At the bow more dolphins displayed acrobatic skills and frolicked. The seas changed from cobalt to ultramarine. At night we were treated to phosphorescent displays, like underwater fireflies. One morning after a particularly difficult watch (a 4 hour battle against strong currents), I went below for a rest, something I rarely do.
Suddenly, hours later, a loud voice woke me. “Henri! Get up! We’re in deep trouble!” I opened my eyes to see a mate in dripping bright yellow Sou’wester.
I went above deck and was hit by a strong, hot wind. Skies were dark and a boiling, foaming sea was in view. The Sloop pitched and rolled. “Sirocco!” screamed the first mate.
All hands on deck were dumping pails of seawater which came splashing over the deck. Fore rig was gone, the mainsail torn. We could just barely make out the jagged and rocky coast of what must be Sicily.
This happened to be a Sunday. Sicilian fishermen do not go out to fish on Sundays. Our Captain somehow managed to spot a village, and the villagers had spotted us. We hoped and prayed they’d break the tradition of “Never on Sunday” and come out to rescue us.
Soon a fishing boat did appear and approached our sloop. They shouted to us, “Stupido! Ollandas! Sirocco!” (They’d seen our Netherlands flag which somehow remained intact.)
The skies by now had turned azure again, wind and seas calmed down. Then they shouted out, “Americano cigarettes? Scottish Whiskey?”
“Si, si”, hollered back our Captain. In fact we had cartons of Camel, Pall Mall, and Lucky Strike. Also six bottles of good old Scotch. That did it! Their fiery dark eyes lit up. Those were the magic words that led to an immediate and swift rescue.
We were towed to the breakwater. Mass was over, bells tolled, and everyone from the village came out to stare. I remember seeing masses of geraniums. But women all in black; men in dark suits, white shirts and black ties. Only the children had some colour in their attire. Our saviours carried their trophies (American cigarettes, and Scotch) home.

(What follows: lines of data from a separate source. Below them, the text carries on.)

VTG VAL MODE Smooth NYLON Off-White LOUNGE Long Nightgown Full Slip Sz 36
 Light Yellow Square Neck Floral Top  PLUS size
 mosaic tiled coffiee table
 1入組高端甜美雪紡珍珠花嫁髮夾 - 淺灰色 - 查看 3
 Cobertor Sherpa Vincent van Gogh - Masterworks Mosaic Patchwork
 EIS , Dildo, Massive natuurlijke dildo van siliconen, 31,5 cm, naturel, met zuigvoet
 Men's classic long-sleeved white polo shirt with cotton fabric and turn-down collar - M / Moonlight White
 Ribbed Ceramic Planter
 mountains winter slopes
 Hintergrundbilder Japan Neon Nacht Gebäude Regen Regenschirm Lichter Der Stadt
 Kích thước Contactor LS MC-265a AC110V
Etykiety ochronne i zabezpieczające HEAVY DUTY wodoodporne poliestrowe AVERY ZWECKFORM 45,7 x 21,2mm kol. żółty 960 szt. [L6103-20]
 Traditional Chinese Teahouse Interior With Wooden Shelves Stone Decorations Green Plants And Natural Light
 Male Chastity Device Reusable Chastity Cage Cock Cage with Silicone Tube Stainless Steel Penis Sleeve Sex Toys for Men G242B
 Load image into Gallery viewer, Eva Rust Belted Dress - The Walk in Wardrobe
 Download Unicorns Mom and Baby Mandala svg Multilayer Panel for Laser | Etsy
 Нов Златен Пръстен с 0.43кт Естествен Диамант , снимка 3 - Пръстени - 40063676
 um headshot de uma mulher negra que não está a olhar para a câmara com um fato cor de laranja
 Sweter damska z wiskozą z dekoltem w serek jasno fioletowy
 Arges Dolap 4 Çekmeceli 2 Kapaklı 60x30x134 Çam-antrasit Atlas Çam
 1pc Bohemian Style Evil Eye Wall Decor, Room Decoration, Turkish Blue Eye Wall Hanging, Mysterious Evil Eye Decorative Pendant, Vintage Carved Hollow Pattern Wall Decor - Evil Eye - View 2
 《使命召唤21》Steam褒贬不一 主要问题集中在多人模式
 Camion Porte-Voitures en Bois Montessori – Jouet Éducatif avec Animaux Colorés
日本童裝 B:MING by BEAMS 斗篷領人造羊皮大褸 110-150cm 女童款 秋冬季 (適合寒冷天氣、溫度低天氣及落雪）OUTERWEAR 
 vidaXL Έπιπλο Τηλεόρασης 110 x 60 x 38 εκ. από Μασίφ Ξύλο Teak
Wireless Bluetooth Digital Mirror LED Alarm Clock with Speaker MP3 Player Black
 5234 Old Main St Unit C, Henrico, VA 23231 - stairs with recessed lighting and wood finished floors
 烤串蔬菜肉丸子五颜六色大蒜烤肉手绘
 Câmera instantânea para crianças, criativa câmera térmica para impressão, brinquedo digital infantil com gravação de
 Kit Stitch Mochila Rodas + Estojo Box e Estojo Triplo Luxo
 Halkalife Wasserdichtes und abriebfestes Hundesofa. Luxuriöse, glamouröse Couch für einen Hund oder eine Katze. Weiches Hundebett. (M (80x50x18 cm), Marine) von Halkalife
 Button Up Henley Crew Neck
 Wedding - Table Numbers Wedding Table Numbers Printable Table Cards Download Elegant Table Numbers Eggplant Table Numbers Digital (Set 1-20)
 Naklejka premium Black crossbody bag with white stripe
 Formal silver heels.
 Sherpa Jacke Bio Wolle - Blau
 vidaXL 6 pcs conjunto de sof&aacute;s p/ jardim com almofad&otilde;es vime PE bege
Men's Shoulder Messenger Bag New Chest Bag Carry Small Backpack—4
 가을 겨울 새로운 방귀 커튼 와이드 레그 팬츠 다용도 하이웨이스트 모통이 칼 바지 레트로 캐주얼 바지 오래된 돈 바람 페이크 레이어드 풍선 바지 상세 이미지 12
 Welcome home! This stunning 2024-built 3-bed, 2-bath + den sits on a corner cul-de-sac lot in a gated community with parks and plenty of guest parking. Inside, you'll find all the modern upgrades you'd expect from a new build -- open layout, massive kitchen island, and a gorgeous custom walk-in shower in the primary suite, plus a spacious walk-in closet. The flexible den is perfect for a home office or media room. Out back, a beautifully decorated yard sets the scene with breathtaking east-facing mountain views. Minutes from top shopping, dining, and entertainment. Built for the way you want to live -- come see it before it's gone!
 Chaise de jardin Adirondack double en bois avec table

Later that same day, we were guests at an outdoor dinner. There must have been 40 people seated around a huge table, including our crew and our rescuers. A memorable dinner it was, under the starry Sicilian sky.
Was it a premonition that had made me roll up my canvasses in a thick plastic sheet? Whatever, but no seawater got through.
“Bueno Esperanza” (Good Hope) would take some time to be repaired, so I opted to move on and make my way to Rome, then back to Canada via Amsterdam, Rotterdam and New York.
Along the way, I had time to digest our adventure at sea . And our rescue? Now that was a “Lucky Strike”.